In my earlier blogs up to this point, we have primarily been talking about a single block or function, and very simple ones at that. But most systems will contain a number of these blocks chained together.
Consider the H.264 algorithm, for example. Within that algorithm will be a pixelPipeline; and inside of that will be a quantization step. It is probably too big a job to hand the whole algorithm to the ESL engine, so instead it has to be broken down into pieces that are synthesized independently and then connected back together.
Each of the pieces operates independently and concurrently. They may even operate at different clock frequencies. The connection between them has to be considered, and this may require a partitioning of the source code. Many times, the algorithm was developed with a particular implementation in mind, in which case it may be naturally partitioned. However, there are cases where this may not be the optimal partitioning for a particular form of implementation.
In the remainder of this column, we will briefly examine three ways in which blocks may be connected together, although many other approaches may be possible. The simplest technique is to just place a buffer between the two functions as shown below:
Of course, this method assumes that the blocks operate at the same frequency and that they produce and consume data at the same rate across the boundary. Note that when I say "buffer," I do not just mean a register, but whatever size is necessary to pass the maximum amount of data from one block to another that represents a packet or transaction. This could be a single unit of data or an entire video frame, for example.
In a previous blog (Can You Say 'Statically Determinable'?) we talked a little bit about a modification to this in cases where Block A can be stalled if Block B is not ready to accept more data; this modification can be applied to all of the interfacing techniques discussed here.
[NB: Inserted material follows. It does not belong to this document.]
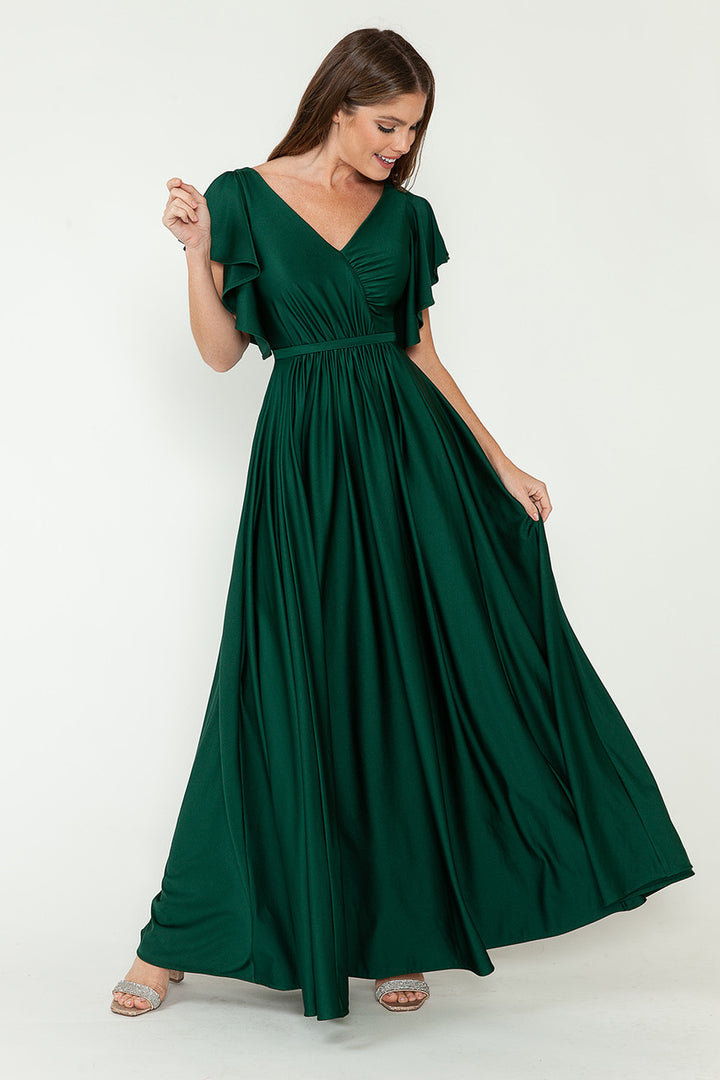 Ruffled Short Sleeve A-line Gown by Lenovia 5277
In many systems, the production and consumption rates associated with different blocks are not going to be the same. Of course, if Block A always produces data at a faster rate than Block B can consume it, then there is a fundamental problem with the design. But what often happens is that extra processing may be required for some of the data packets. Thus, although the blocks may be balanced overall, there may be times when one block may operate faster than the other. In cases where this may occur, a FIFO offers a better interfacing solution because it provides a degree of isolation between the two blocks as illustrated below:
Now, Block A is free to produce multiple packets of data so long as Block B will eventually catch up. But herein lies the problem -- what is the maximum disparity between the two blocks that defines how big the FIFO depth should be? This is a classic mathematical problem, and one model of computation that goes along with this is the Kahn Process Network (KPN). I will talk about this more extensively in another blog, but let me provide a teaser -- there is no defined solution that guarantees that buffers will not overflow, so these almost always have to be combined with some form of flow control.
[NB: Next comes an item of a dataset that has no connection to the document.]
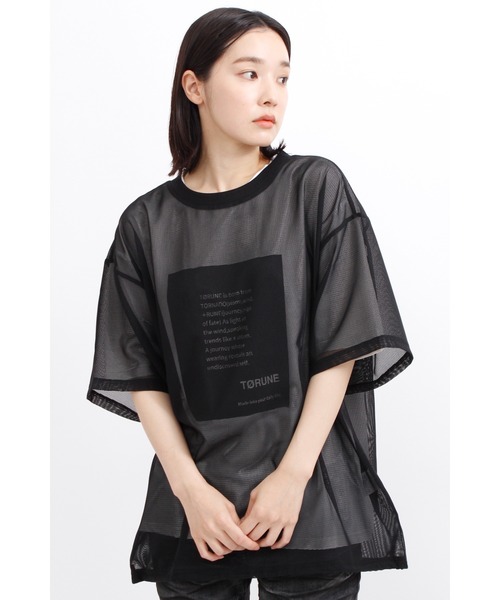 TORUNE(トルネ)の「TORUNE∴メッシュレーヤードTシャツ(Tシャツ/カットソー・レディース・ホワイト/ブラック・M/L)」の1枚目の写真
In both of the methods introduced above, we have not talked about how the buffer or FIFO is actually implemented. If we assume that they are memory-based rather than register-based, there may be a restriction on them only being accessed by one process at a time, unless we are using dual-port memories. Care also has to be taken to ensure that half-written data from one block is not read by the other. One way to overcome this restriction is to use Ping Pong buffers as illustrated below:
The idea here is Block A writes data out one of the buffers. When this has completed, the buffers are flipped so that Block B starts to read out of that buffer and Block A starts to write into the other buffer. This guarantees that only complete data is read and allows a simultaneous read and write. Of course, flow control is also required in this type of system to determine when the buffers is ready to be written to and read from.